Donnant suite à cette requête, la Cour, contrairement à l'article 13 n'a pas jugé opportun d'appliquer la constitution en l'état. Elle a plutôt fait constater une lacune qu'elle a jugée utile de combler « en lui ajoutant un autre alinéa ». Selon la gardienne des Lois, il fallait faire un ajout dans la Constitution gabonaise car celle-ci ne prévoit pas une situation d'« indisponibilité temporaire » du Président de la République. Si la vacance du pouvoir est le temps pendant lequel une autorité légitime n'est plus exercée, alors l'indisponibilité temporaire évoquée n'est pas différente de la vacance. Absent du pays depuis le 24 octobre pour cause de maladie, il apparaît que personne au sommet de l'État ne sait le temps que cette convalescence prendra.

INTERDICTION.En son article 116 (L. 13/2003 du 19 août 2003), la Constitution gabonaise ne permet pas de révision au gré d'un individu. L'ajout d'un alinéa par les juges de la Cour constitutionnelle devait obéir à une procédure légale : « L'initiative de la révision appartient concurremment au Président de la République, le Conseil des Ministres entendu, et aux membres du Parlement (L. 1/94 du 18 mars 1994).

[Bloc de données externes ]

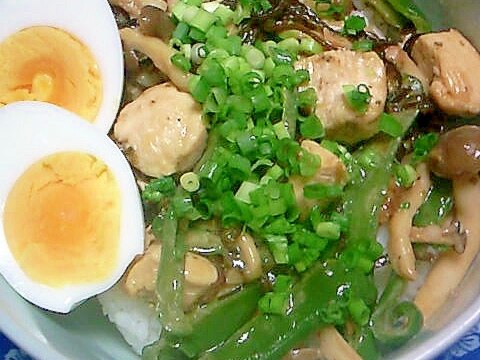 鶏肉のマヨ塩昆布わさび丼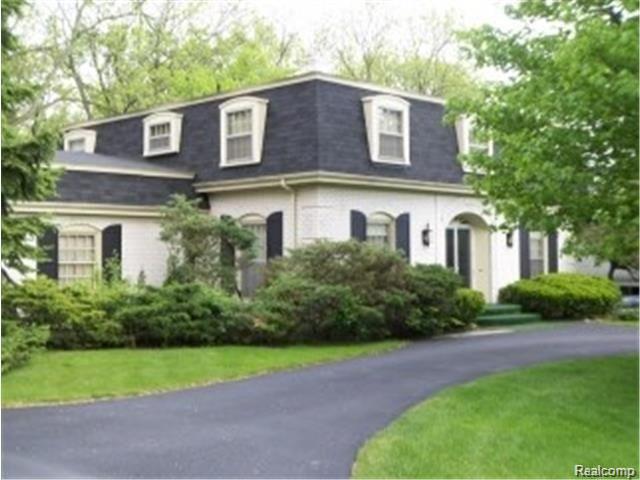 front view picture of 3721 Millspring Rd, Bloomfield Hills, MI. 48304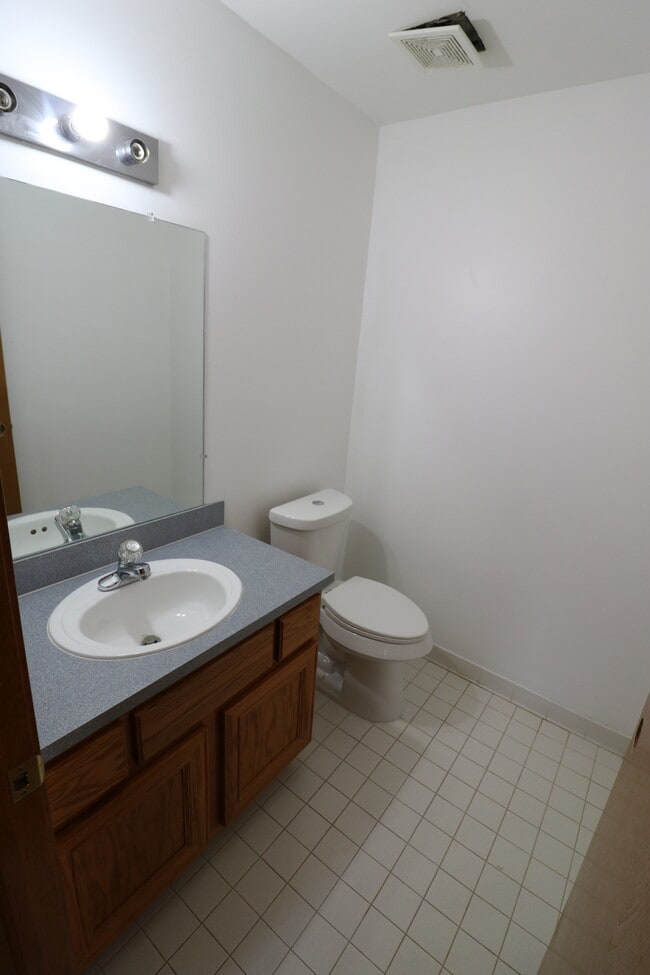 Building Photo - 21391 Marina Cir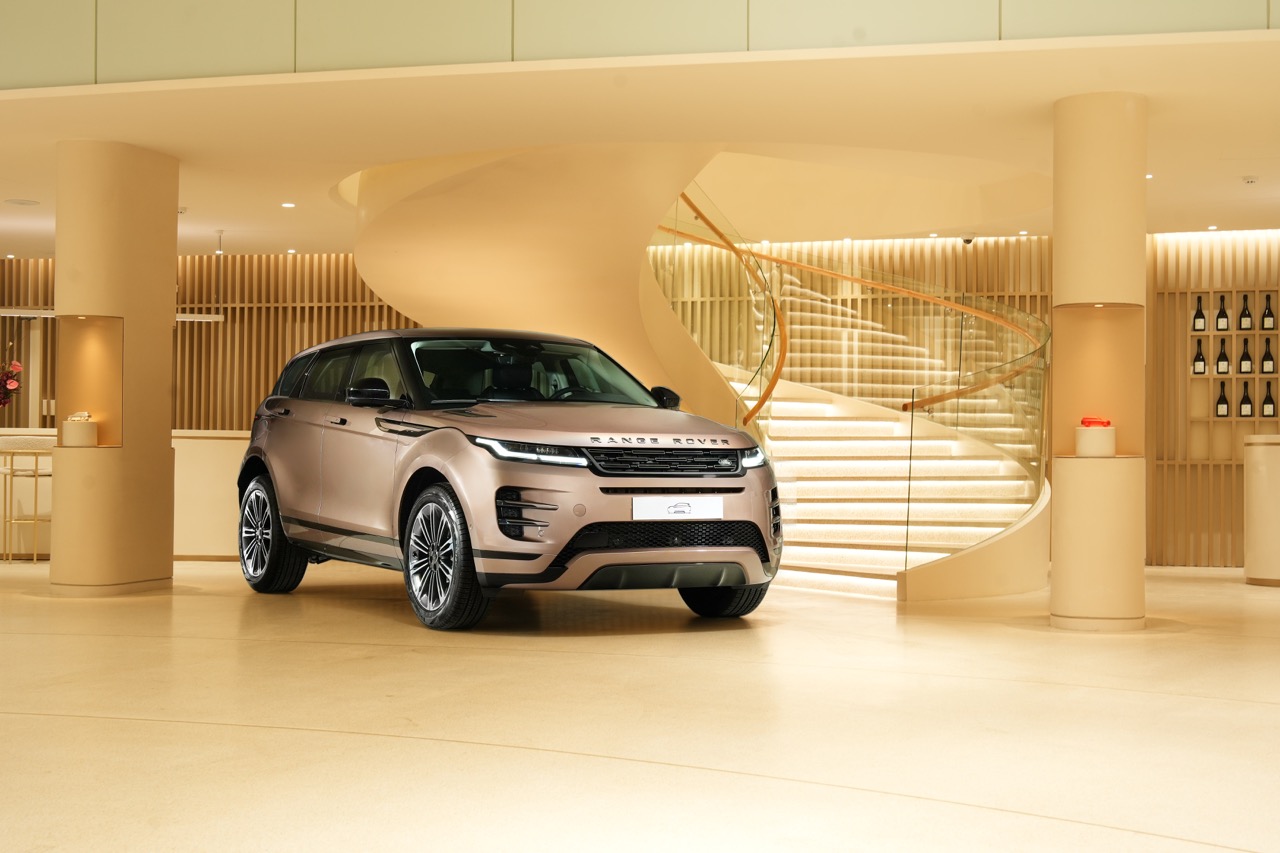 Range Rover Evoque 2025 ra mắt Việt Nam: Giá từ hơn 2,9 tỷ, thiết kế mới tối giản, động cơ hybrid, có AWD- Ảnh 2.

Toute proposition de révision doit être déposée au bureau de l'Assemblée nationale par au moins un tiers des Députés ou au bureau du Sénat par au moins un tiers des Sénateurs (L. 1/97 du 22 avril 1997). Tout projet ou toute proposition de révision de la Constitution ainsi que tout amendement y relatif est soumis, pour avis, à la Cour constitutionnelle avant le référendum ou la réunion du Parlement en congrès (L. 13/2003 du 19 août 2003) ».